## Provided data:
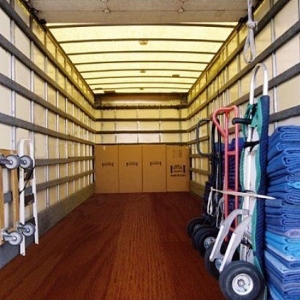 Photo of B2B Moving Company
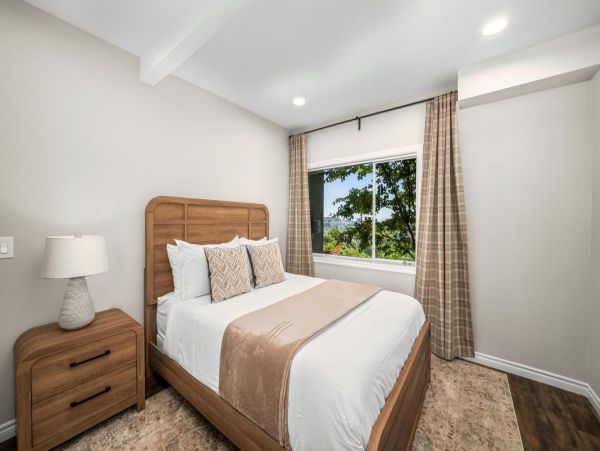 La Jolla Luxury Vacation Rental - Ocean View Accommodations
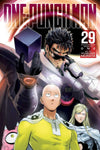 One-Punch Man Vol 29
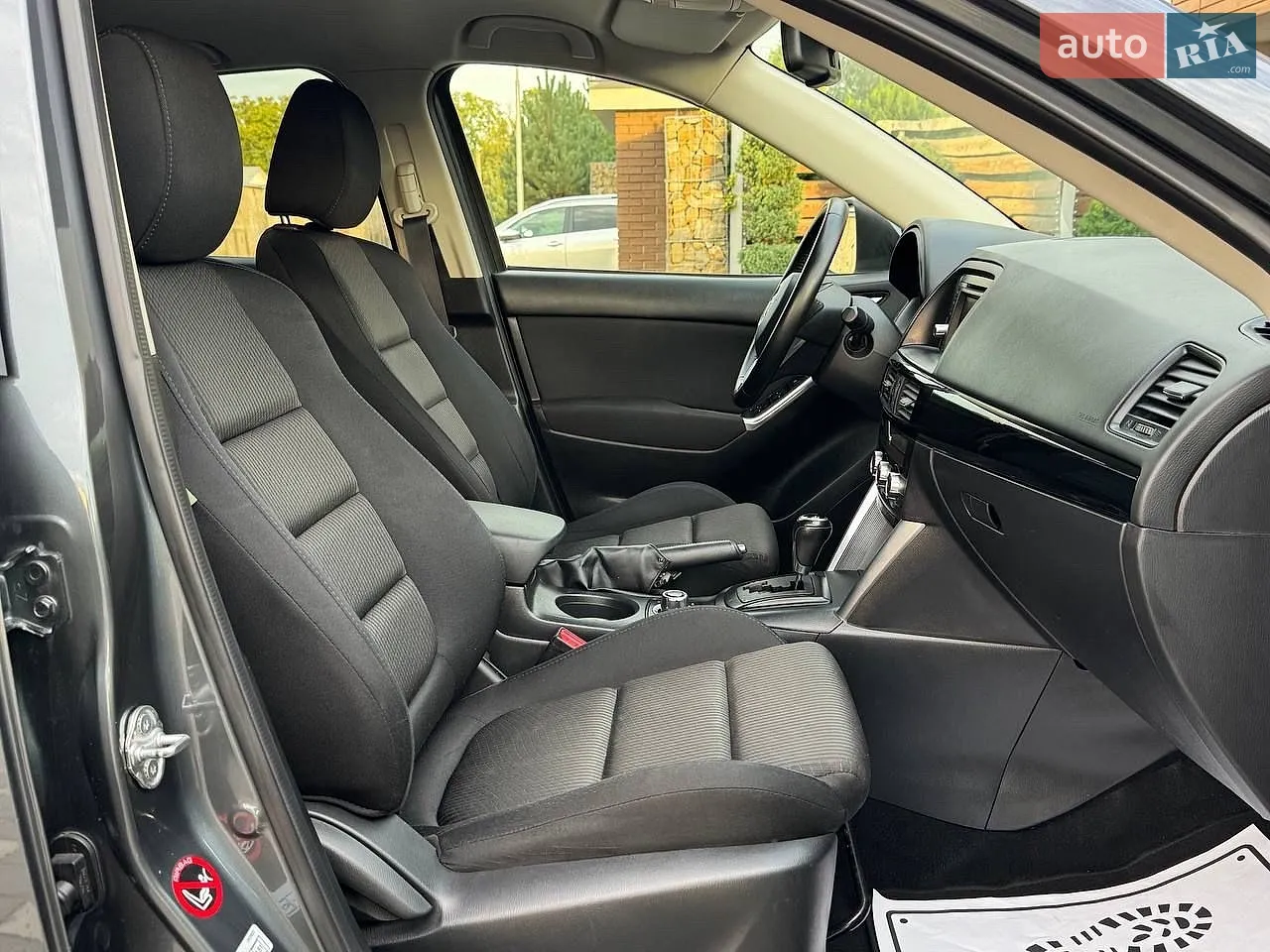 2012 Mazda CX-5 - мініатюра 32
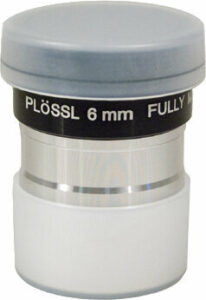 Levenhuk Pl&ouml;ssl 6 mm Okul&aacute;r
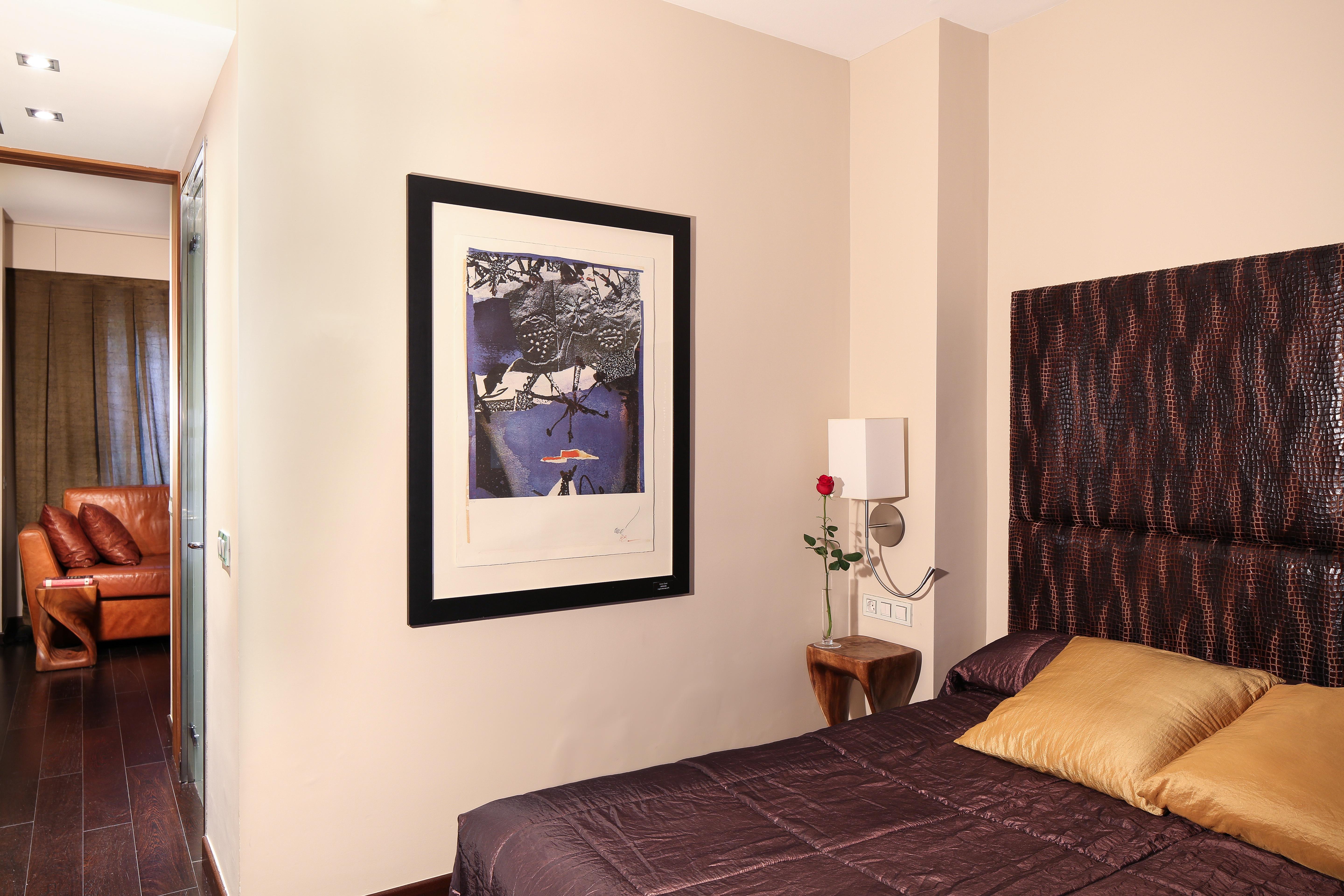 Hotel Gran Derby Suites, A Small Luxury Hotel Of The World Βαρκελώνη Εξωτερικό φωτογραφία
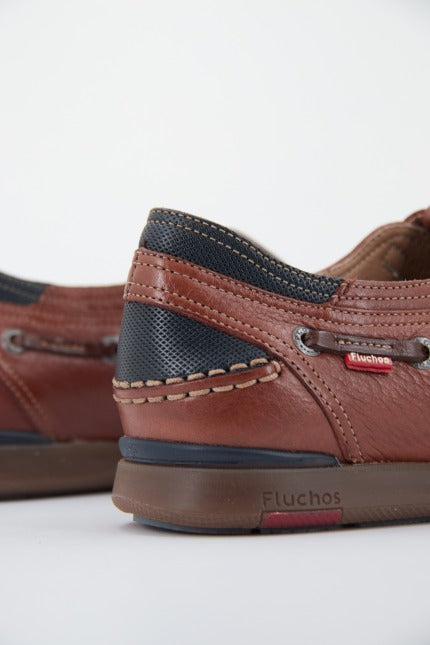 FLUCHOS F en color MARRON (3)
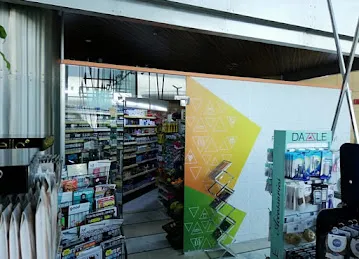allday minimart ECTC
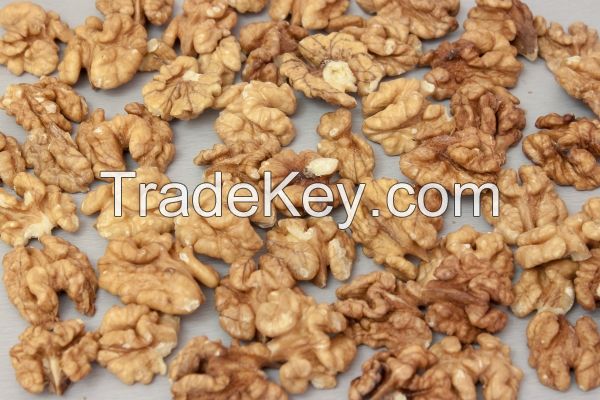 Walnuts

## Work required:
Keep the pictures out and transcribe the entries exactly.

## Exercise solution:
 Photo of B2B Moving Company
 La Jolla Luxury Vacation Rental - Ocean View Accommodations
 One-Punch Man Vol 29
 2012 Mazda CX-5 - мініатюра 32
 Levenhuk Pl&ouml;ssl 6 mm Okul&aacute;r
 Hotel Gran Derby Suites, A Small Luxury Hotel Of The World Βαρκελώνη Εξωτερικό φωτογραφία
 FLUCHOS F en color MARRON (3)
allday minimart ECTC
 Walnuts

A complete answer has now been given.